And I think it was because while I was happy with the ending of “Peach Cobbler” where Olivia is sort of stuck with the mother she has because she doesn’t have anywhere else to live, my heart, like, Olivia just stayed with me, like, that poor girl. She’s so many of us who were stuck, like, our homes are places that we have to suffer through until we can get out, you know?

I mean, and my home was not, you know, let me not be dramatic. It was not as bad as it was for Olivia or anything like that. But I think that that’s the reality for too many of us; we are pretty much at the mercy of the people who raise us because if nothing else, we just can’t afford rent, you know? And so, she stuck with me for that reason I think, because it’s like, well, what ultimately happens? Where does she land? And given who raised her, whom does she become? And is she happy? Is she free? How has she, relative to her mother, what kind of choices is she making now?

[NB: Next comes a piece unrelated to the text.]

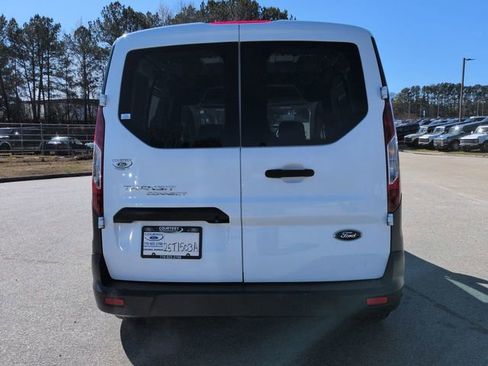 Certified 2019 Ford Transit Connect XL image 5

And so, she pops up in this story. And I think once again, I don’t know that I resolved anything. There’s no real resolution because the interpretation of that revelation of where she lands is, we see Olivia as an adult through our own experiences, our values, our fears, and our desires. And so, there’s no one answer, but I love asking Book Club people when they invite me to talk, they’re asking me questions, I love to ask them the question, “Is Olivia happy? Is she freer than her mother?” And people are able to do something that, you know, we are not always good at with this kind of nuance, which is to say, “I wouldn’t do what adult Olivia is doing,” which is serially sleeping with married men, but I’m happy for her, right? I mean, that’s what you want, right?

Dawnie Walton: Listen, the voice of that story. So, let’s skip ahead to that story. So, the voice of that story is so strong and so declarative and so sure that you can’t help, but kind of be a little bit like, “Okay, Miss…” like a little bit, she is very much in control.

Deesha Philyaw: Yeah.

Dawnie Walton: Very much like this is what it is and is very self-aware of what brings her pleasure and not very judgmental of herself for that.

Deesha Philyaw: Right.

Dawnie Walton: And I had to kind of admire her a little bit, even though you do kind of go into that story, like what kind of person is this?

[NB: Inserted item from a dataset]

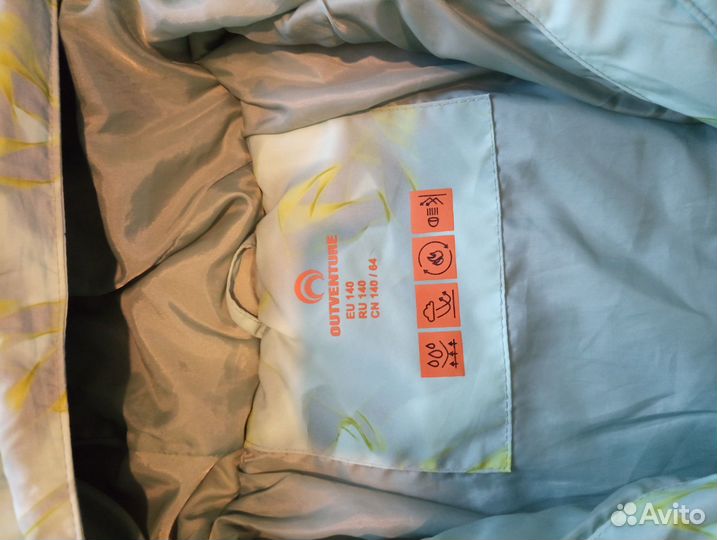 Куртка для девочки 140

Deesha Philyaw: Right, right.

Dawnie Walton: And so, the added knowledge of that sort of “Peach Cobbler” could become a kind of like a backstory for this character.

Deesha Philyaw: Yes.

Dawnie Walton: And so, it has kind of an interesting effect there, but I would say that she is… Is “happy” the word? Satisfied, I guess, would be the word for me. What do you feel about Olivia in that story?

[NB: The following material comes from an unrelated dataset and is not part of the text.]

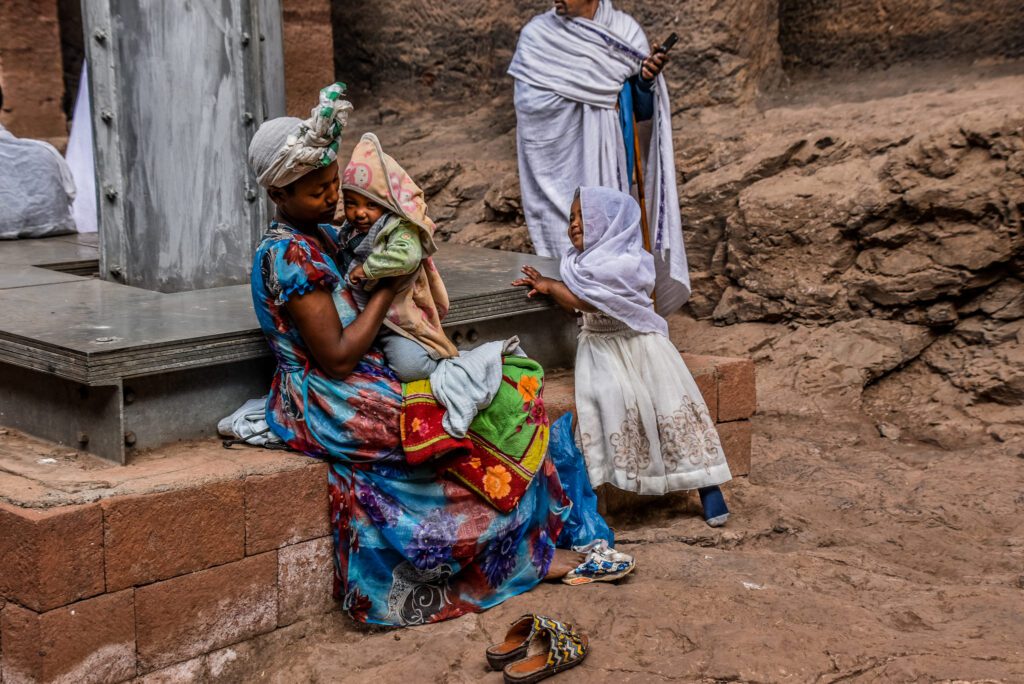 În apropierea bisericilor din Lalibela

Deesha Philyaw: I think, especially knowing her background, I’m happy for her. I think happiness is fleeting though, you know?

Dawnie Walton: Yeah.

Deesha Philyaw: And we define it differently and I think that by her own definition, she is happy because for her being in control is the goal. And so, she has succeeded because ultimately, she controls these relationships. Now over time, she may find that she doesn’t get the same satisfaction. And that’s why I anticipate that this is not really sustainable.

Dawnie Walton: Right, this detachment, this never getting involved or emotionally or anything like that, yeah. But one thing you know for sure is that she will never be sort of beholden to a Pastor Neely.

Deesha Philyaw: Right, right

Dawnie Walton: You know that.

Deesha Philyaw: Well, and here’s the other thing too, not only beholden to a man like that, but she will never be at the mercy of anyone the way she was at her mother’s mercy. And I think that’s just as important for her.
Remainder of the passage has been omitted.